__Task to carry out__:
Within the material below, transcribe exactly the lines from the one holding "Cadeira de rodas a venda" through the one holding "Land Rover Range Rover — Фото автомобиля 30", keeping both ends and skipping the rest.

__Task material__:
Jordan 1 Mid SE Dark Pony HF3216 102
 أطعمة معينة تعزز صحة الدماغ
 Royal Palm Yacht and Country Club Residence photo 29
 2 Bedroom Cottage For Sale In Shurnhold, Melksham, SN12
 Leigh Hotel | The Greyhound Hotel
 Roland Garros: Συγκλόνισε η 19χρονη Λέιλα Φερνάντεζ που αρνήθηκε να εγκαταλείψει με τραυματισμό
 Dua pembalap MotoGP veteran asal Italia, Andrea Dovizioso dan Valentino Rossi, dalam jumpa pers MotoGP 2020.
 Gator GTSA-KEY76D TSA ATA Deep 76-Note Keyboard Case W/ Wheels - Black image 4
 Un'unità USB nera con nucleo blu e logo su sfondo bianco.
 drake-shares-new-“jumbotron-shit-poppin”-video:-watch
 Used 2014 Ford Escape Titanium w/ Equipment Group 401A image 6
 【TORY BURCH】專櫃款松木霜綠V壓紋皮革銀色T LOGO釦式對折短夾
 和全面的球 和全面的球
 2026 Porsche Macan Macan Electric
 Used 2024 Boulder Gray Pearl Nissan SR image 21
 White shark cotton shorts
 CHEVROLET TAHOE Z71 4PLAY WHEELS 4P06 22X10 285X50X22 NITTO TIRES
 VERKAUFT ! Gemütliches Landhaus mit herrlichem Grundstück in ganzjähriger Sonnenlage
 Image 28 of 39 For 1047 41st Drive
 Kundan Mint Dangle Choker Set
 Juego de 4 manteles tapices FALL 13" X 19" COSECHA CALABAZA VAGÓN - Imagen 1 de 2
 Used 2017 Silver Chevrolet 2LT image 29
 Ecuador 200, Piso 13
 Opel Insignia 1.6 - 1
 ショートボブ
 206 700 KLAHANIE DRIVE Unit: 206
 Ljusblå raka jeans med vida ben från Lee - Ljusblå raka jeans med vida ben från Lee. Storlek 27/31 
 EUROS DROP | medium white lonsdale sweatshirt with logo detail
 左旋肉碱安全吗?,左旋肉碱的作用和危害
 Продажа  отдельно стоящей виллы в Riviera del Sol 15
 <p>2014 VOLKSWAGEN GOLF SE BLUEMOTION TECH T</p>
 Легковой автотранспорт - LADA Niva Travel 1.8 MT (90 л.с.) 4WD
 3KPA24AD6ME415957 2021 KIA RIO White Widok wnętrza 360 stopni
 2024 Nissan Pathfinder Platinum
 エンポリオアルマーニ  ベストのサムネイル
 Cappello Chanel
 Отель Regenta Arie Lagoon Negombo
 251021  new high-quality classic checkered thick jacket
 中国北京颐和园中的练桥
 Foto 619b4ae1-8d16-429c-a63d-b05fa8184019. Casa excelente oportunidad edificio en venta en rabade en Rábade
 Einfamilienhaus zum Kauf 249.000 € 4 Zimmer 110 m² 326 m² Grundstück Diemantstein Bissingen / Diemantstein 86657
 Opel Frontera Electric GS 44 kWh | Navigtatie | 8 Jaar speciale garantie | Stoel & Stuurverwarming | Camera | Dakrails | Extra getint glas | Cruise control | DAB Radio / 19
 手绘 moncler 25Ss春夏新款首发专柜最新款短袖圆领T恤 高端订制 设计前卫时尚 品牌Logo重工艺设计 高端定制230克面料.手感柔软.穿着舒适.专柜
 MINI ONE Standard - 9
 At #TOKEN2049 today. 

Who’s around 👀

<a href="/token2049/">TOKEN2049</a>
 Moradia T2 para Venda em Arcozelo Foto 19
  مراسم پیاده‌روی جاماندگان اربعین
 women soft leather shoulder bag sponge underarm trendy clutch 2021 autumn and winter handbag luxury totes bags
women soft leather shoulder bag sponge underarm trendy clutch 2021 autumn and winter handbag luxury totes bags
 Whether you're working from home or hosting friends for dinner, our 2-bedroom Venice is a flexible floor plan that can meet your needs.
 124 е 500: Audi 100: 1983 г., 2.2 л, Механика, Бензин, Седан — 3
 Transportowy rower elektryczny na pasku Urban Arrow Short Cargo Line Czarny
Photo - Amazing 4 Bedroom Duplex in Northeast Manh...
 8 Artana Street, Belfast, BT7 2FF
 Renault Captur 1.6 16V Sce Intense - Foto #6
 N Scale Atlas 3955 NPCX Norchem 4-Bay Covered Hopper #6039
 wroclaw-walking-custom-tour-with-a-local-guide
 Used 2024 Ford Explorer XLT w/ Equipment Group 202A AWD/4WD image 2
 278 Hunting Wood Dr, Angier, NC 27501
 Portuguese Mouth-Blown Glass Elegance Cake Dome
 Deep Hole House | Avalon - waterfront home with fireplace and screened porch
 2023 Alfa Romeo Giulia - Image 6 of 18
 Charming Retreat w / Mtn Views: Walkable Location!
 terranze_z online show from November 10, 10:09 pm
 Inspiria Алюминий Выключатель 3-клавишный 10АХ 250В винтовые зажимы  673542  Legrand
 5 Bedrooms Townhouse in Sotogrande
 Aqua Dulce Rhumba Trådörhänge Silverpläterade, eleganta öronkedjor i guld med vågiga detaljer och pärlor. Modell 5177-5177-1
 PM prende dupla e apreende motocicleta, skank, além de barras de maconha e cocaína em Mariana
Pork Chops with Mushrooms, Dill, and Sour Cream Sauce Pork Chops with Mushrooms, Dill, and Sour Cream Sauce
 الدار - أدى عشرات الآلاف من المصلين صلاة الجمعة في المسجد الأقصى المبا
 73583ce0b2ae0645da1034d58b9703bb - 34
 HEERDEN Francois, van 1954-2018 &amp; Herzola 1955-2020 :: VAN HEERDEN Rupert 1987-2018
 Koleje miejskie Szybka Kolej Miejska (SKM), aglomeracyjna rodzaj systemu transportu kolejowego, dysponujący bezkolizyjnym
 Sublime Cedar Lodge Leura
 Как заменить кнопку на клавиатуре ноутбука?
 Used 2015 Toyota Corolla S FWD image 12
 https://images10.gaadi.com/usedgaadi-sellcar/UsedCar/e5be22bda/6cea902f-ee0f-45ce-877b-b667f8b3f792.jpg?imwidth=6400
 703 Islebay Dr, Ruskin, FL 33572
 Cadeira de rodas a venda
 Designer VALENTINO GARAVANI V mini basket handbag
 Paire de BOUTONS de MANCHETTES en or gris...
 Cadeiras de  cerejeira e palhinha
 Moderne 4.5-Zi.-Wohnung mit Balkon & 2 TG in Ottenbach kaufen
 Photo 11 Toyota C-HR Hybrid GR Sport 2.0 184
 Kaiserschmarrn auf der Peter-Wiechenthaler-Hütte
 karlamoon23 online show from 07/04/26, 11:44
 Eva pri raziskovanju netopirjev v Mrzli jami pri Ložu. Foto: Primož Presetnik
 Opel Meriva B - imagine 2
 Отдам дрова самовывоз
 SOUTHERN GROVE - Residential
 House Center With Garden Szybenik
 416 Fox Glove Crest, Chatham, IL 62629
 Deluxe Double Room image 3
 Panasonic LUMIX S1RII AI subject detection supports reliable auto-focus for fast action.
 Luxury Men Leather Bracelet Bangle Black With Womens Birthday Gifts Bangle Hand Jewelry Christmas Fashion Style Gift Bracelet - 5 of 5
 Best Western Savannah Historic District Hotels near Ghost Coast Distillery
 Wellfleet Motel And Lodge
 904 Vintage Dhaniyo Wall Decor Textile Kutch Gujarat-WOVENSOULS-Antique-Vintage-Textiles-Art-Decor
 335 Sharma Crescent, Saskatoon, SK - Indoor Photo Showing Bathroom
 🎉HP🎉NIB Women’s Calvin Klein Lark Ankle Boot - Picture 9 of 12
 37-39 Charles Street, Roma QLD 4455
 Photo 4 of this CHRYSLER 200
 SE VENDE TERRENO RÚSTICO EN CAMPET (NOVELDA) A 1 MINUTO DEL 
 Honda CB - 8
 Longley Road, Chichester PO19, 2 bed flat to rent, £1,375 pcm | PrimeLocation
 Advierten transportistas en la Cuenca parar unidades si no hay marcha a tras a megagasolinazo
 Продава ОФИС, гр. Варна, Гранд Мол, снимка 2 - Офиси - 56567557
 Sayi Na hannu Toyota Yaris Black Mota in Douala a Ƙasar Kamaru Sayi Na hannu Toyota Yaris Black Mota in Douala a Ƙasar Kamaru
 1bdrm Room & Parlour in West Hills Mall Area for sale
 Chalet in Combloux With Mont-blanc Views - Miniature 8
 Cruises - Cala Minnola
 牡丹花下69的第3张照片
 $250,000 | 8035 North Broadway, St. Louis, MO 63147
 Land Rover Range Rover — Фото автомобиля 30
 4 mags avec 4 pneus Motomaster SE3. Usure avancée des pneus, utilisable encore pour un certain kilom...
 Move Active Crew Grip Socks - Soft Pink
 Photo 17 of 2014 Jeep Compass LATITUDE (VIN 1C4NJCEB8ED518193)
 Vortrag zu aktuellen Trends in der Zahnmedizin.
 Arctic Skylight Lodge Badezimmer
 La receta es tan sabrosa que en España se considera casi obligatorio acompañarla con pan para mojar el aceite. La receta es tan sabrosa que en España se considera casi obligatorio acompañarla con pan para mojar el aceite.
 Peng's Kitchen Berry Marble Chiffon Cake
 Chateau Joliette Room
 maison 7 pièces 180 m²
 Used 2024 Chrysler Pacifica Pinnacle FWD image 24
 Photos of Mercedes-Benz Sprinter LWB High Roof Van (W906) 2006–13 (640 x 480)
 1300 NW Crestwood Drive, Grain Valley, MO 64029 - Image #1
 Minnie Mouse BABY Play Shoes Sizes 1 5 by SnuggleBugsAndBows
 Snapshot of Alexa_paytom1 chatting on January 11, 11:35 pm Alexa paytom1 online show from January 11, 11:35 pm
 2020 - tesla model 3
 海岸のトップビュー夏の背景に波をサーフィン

__Problem solution__:
 Cadeira de rodas a venda
 Designer VALENTINO GARAVANI V mini basket handbag
 Paire de BOUTONS de MANCHETTES en or gris...
 Cadeiras de  cerejeira e palhinha
 Moderne 4.5-Zi.-Wohnung mit Balkon & 2 TG in Ottenbach kaufen
 Photo 11 Toyota C-HR Hybrid GR Sport 2.0 184
 Kaiserschmarrn auf der Peter-Wiechenthaler-Hütte
 karlamoon23 online show from 07/04/26, 11:44
 Eva pri raziskovanju netopirjev v Mrzli jami pri Ložu. Foto: Primož Presetnik
 Opel Meriva B - imagine 2
 Отдам дрова самовывоз
 SOUTHERN GROVE - Residential
 House Center With Garden Szybenik
 416 Fox Glove Crest, Chatham, IL 62629
 Deluxe Double Room image 3
 Panasonic LUMIX S1RII AI subject detection supports reliable auto-focus for fast action.
 Luxury Men Leather Bracelet Bangle Black With Womens Birthday Gifts Bangle Hand Jewelry Christmas Fashion Style Gift Bracelet - 5 of 5
 Best Western Savannah Historic District Hotels near Ghost Coast Distillery
 Wellfleet Motel And Lodge
 904 Vintage Dhaniyo Wall Decor Textile Kutch Gujarat-WOVENSOULS-Antique-Vintage-Textiles-Art-Decor
 335 Sharma Crescent, Saskatoon, SK - Indoor Photo Showing Bathroom
 🎉HP🎉NIB Women’s Calvin Klein Lark Ankle Boot - Picture 9 of 12
 37-39 Charles Street, Roma QLD 4455
 Photo 4 of this CHRYSLER 200
 SE VENDE TERRENO RÚSTICO EN CAMPET (NOVELDA) A 1 MINUTO DEL 
 Honda CB - 8
 Longley Road, Chichester PO19, 2 bed flat to rent, £1,375 pcm | PrimeLocation
 Advierten transportistas en la Cuenca parar unidades si no hay marcha a tras a megagasolinazo
 Продава ОФИС, гр. Варна, Гранд Мол, снимка 2 - Офиси - 56567557
 Sayi Na hannu Toyota Yaris Black Mota in Douala a Ƙasar Kamaru Sayi Na hannu Toyota Yaris Black Mota in Douala a Ƙasar Kamaru
 1bdrm Room & Parlour in West Hills Mall Area for sale
 Chalet in Combloux With Mont-blanc Views - Miniature 8
 Cruises - Cala Minnola
 牡丹花下69的第3张照片
 $250,000 | 8035 North Broadway, St. Louis, MO 63147
 Land Rover Range Rover — Фото автомобиля 30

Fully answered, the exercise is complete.